Getting started

Installation

The package is registered on PyPI. It can be installed with the following command:

$ pip install megamix

If you want to install it manually, you can find the source code at https://github.com/14thibea/megamix.

MeGaMix relies on external dependencies. The setup script should install them automatically, but you may want to install them manually. The required packages are:

  • NumPy 1.11.3 or newer
  • scipy 0.18.1 or newer
  • h5py 2.6.0 or newer
  • joblib 0.11 or newer

Description

The MeGaMix package (Methods for Gaussian Mixtures) allows Python developpers to fit different kind of models on their data. The different models are clustering methods of unsupervised machine learning. Four models have been implemented, from the most simple to the most complex:

  • K-means
  • GMM (Gaussian Mixture Model)
  • VBGMM (Variational Bayesian Gaussian Mixture Model)
  • DP-VBGMM (Dirichlet Process on Variational Bayesian Gaussian Mixture Model)
  • PYP-VBGMM (Pitman-Yor Process on Variational Bayesian Gaussian Mixture Model)

What will you be able to do ?

The main idea of clustering algorithms is to create groups by gathering points that are close to each other.

A cluster has three main parameters:

  • A mean : the mean of all the points that belong to the cluster
  • A weight : the number of points that belong to the cluster
  • A covariance (except for K-means) : a matrix which specifies the form of the cluster
a GMM fit on a set of points

A graphical example of a gaussian mixture model fit on a set of points

How do the algorithms work ?

After the initialisation, the algorithms alternate between two steps, the E step (Expectation) and the M step (Maximisation).

During the E step, the algorithm computes the probability for each point to belong to each cluster. It produces an array of responsibilities. At the ith row and the jth column of this array corresponds the probability of the ith point to belong to the jth cluster.

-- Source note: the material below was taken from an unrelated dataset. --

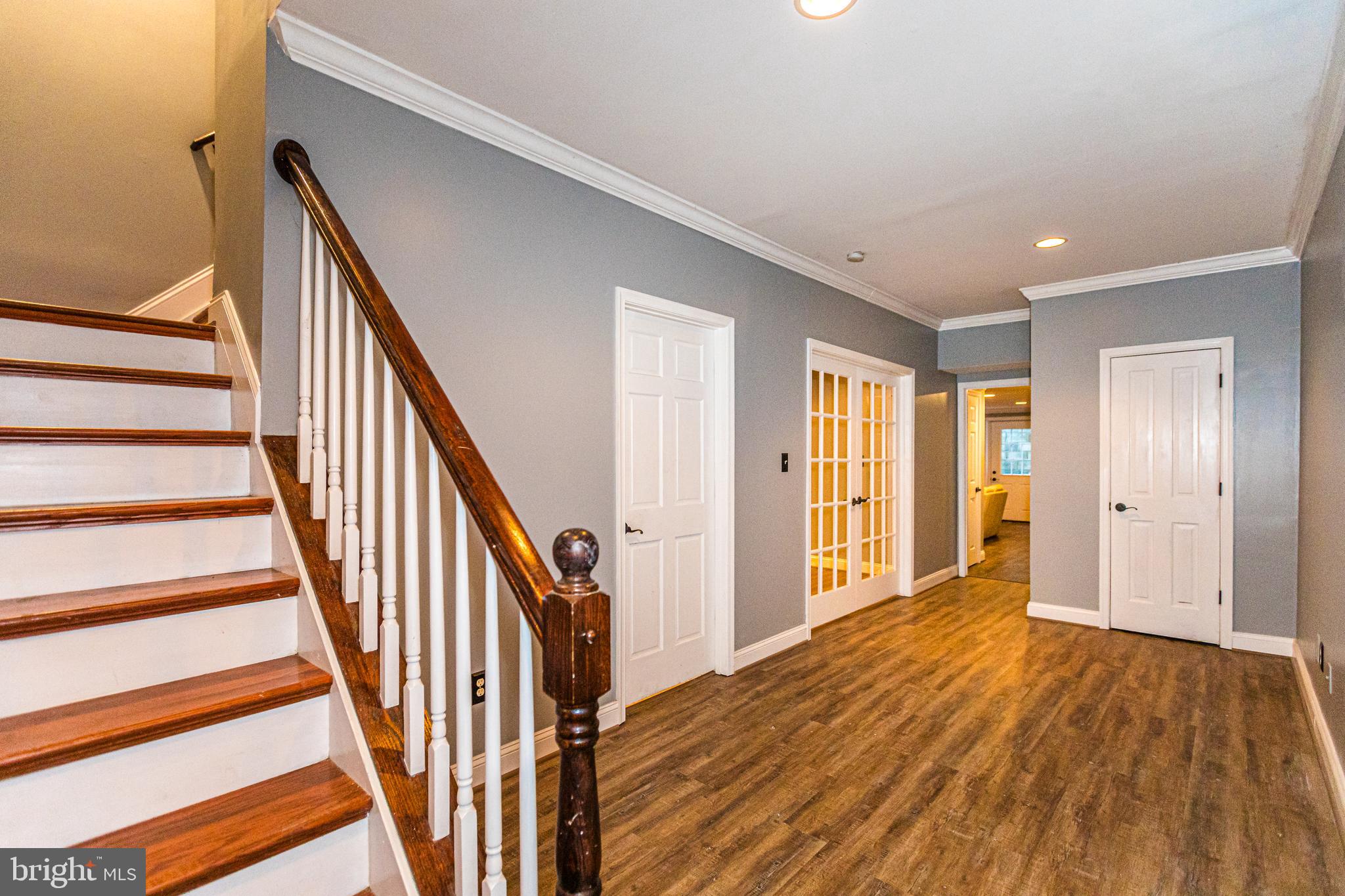 MANOR FIELDS - Residential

Here is an example of responsibilities that could be obtained with 6 points and 2 clusters :

  Cluster 1 Cluster 2
point 1 0.54 0.46
point 2 0.89 0.11
point 3 0.27 0.73
point 4 0.01 0.99
point 5 0.42 0.58
point 6 0.84 0.16

In this example, the first point has a 54% chance to belong to the first cluster and a 46% chance to belong to the second cluster.

Note

This is not the case with K-means which is not working with probabilities but with labels. A point belongs completely to a cluster or doesn’t belong to it (this is called hard assignement).

Then during the M step, the algorithm re-estimates the parameters of the model in order to maximize a convergence criterion.

Finally the algorithm will stop if the difference between the value of the convergence criterion of the current and the previous is less than a threshold fixed by the user.

This is summarized in the following pseudo-code:

initialize(points)
while(cc-cc_previous > tol):
    cc_previous = cc
    responsabilities = E_step(points,parameters)
    parameters = M_step(responsabilities,points)
    cc = convergence_criterion(points,responsabilities,parameters)

What is it used for ?

MeGaMix has been implemented in order to process natural speech MFCC. Unlike the vision field where deep learning has overtaken such clustering models, they are still efficient in speech processing.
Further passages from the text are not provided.